* _Exercise objective_
Retype every record exactly. Leave the pictures out.

* _Records for processing_

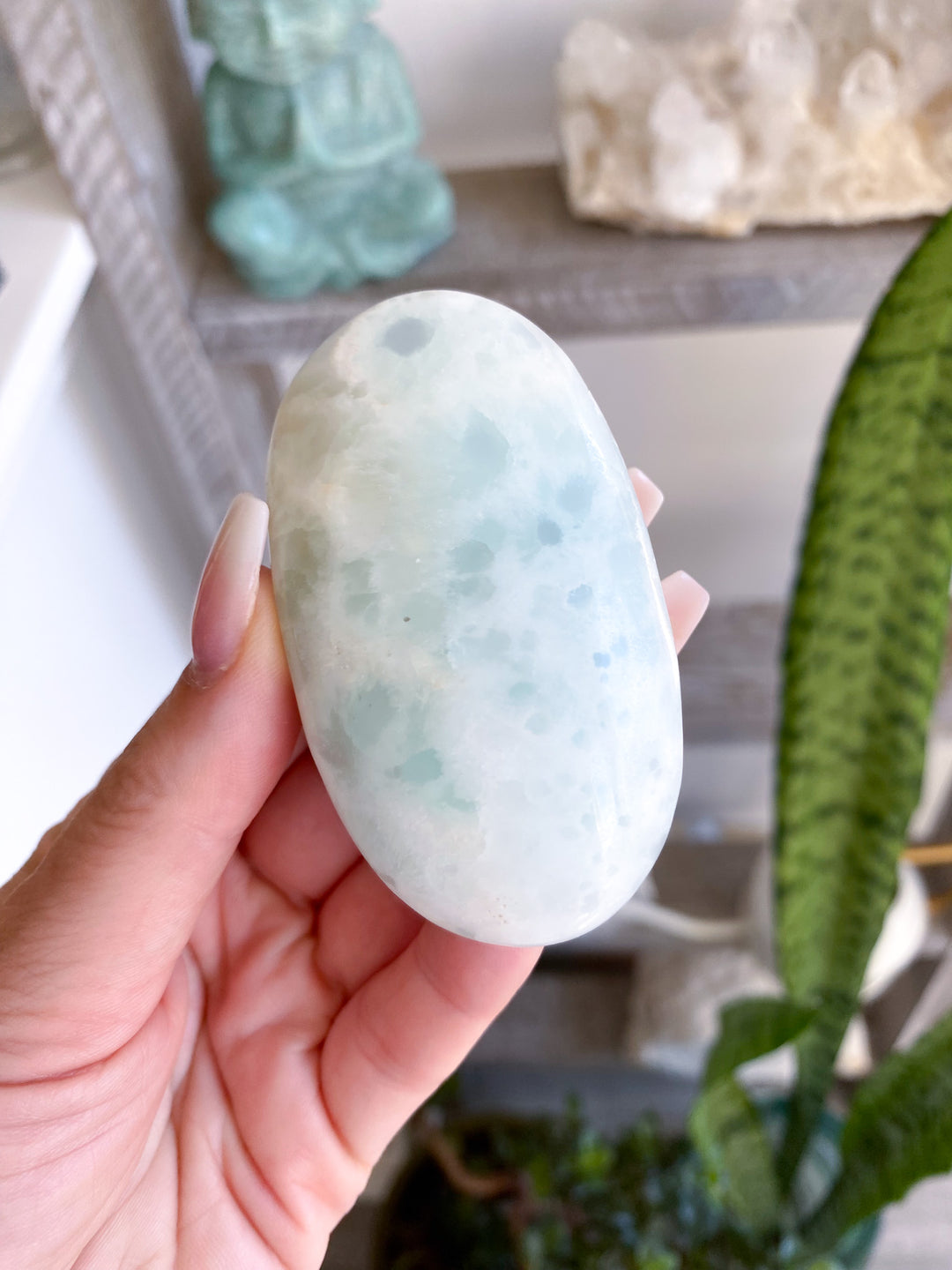 Gentle Caribbean Calcite Palm Stone 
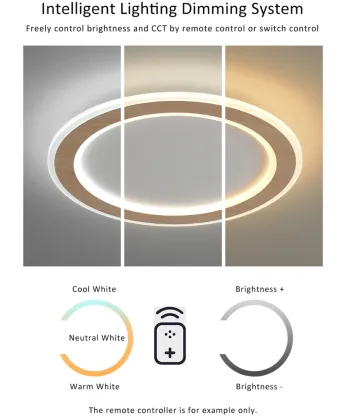 Pop Promotional Acrylic Ceiling Light Fitting - LED Ceiling Mount Lighting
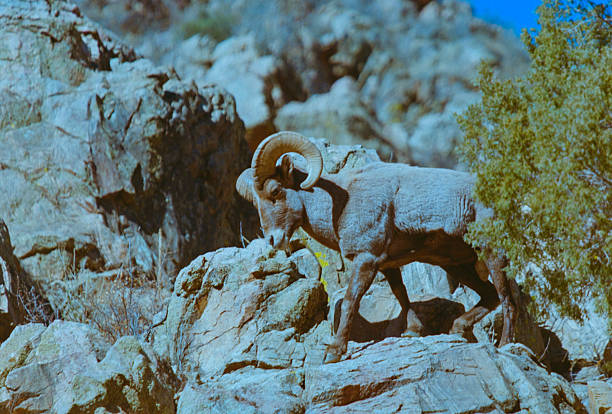 Bighorn sheep during the rut season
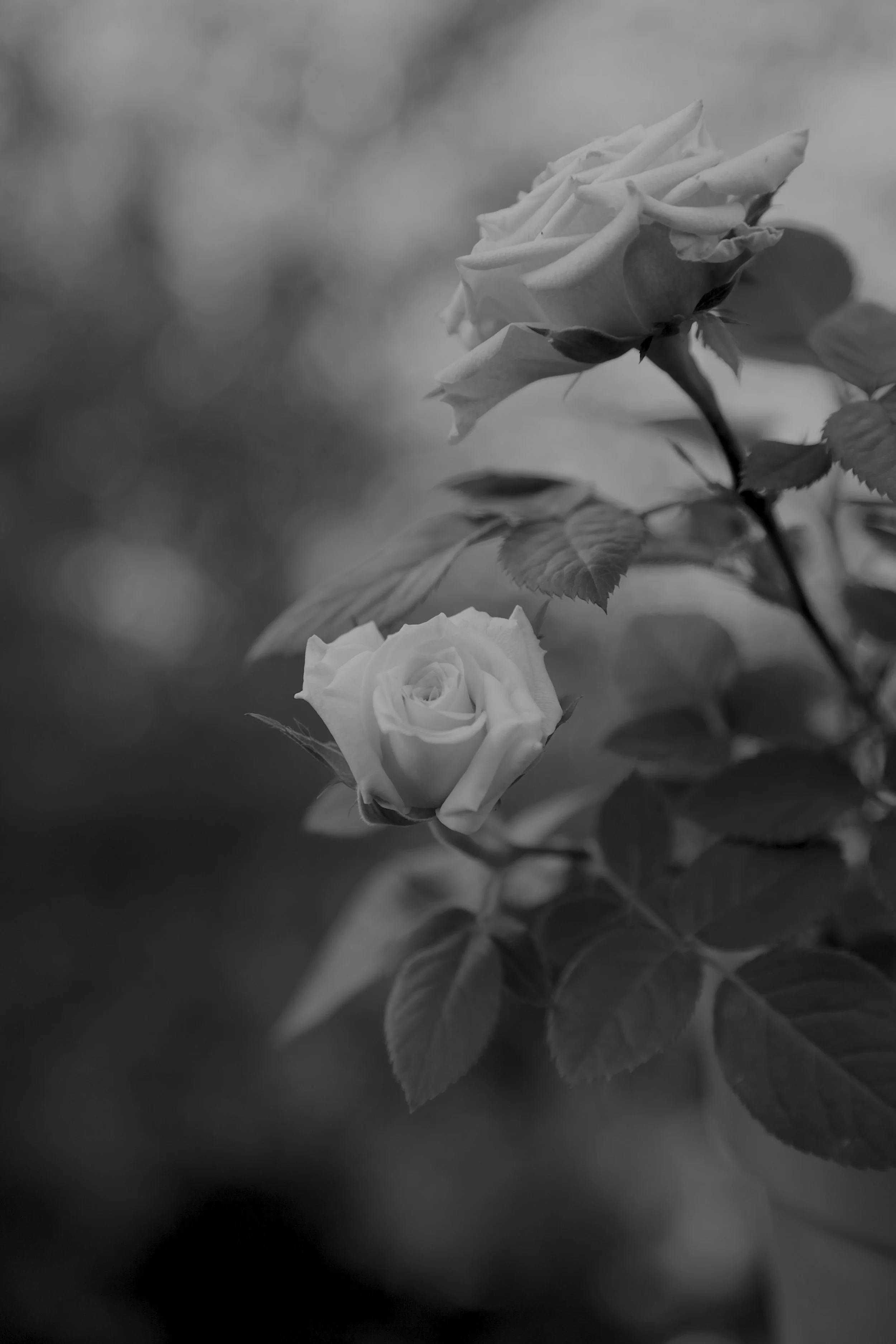 _MG_2881.JPG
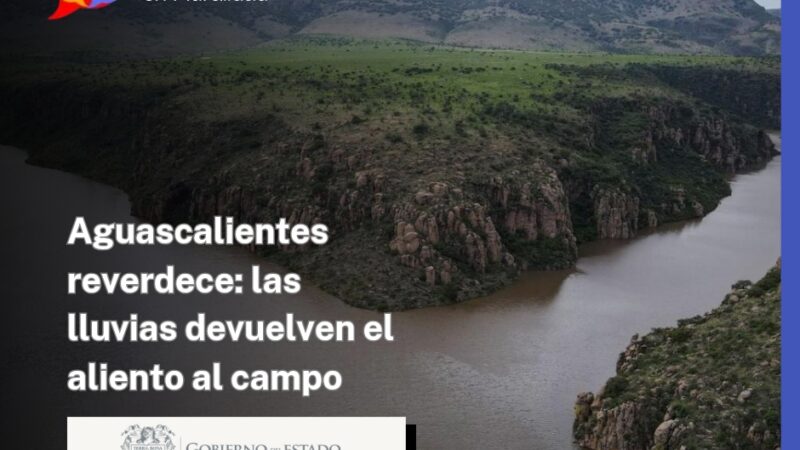 Aguascalientes reverdece: las lluvias devuelven el aliento al campo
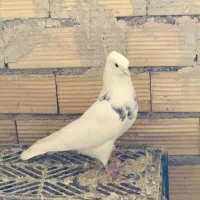 فروش ۱۵عدد طوقی اجری فولادی طوق سیاه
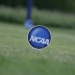 Tee Markers (2).JPG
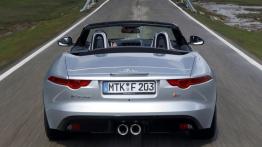 Jaguar F-Type V6S Rhodium Silver - widok z tyłu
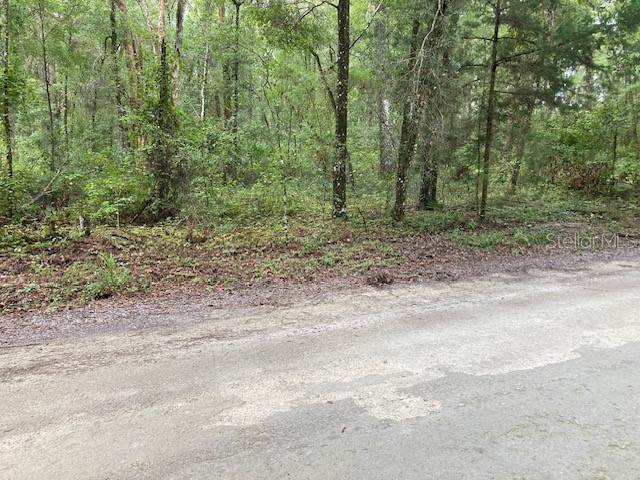 Lot 3 SW 170th Street Archer FL 32618 GC524584 image8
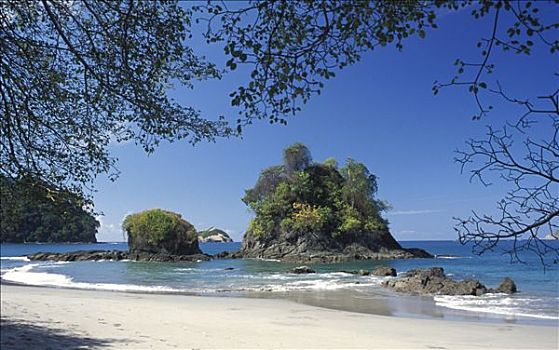 哥斯达黎加,太平洋海岸,海滩,石头,看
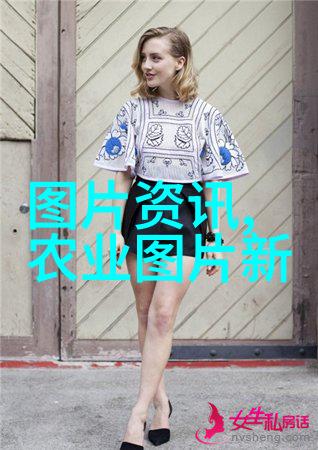 中药材市场新趋势2024年必暴涨的中药材预测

* _Exercise result_
 Gentle Caribbean Calcite Palm Stone 
 Pop Promotional Acrylic Ceiling Light Fitting - LED Ceiling Mount Lighting
 Bighorn sheep during the rut season
 _MG_2881.JPG
 Aguascalientes reverdece: las lluvias devuelven el aliento al campo
 فروش ۱۵عدد طوقی اجری فولادی طوق سیاه
 Tee Markers (2).JPG
 Jaguar F-Type V6S Rhodium Silver - widok z tyłu
 Lot 3 SW 170th Street Archer FL 32618 GC524584 image8
 哥斯达黎加,太平洋海岸,海滩,石头,看
 中药材市场新趋势2024年必暴涨的中药材预测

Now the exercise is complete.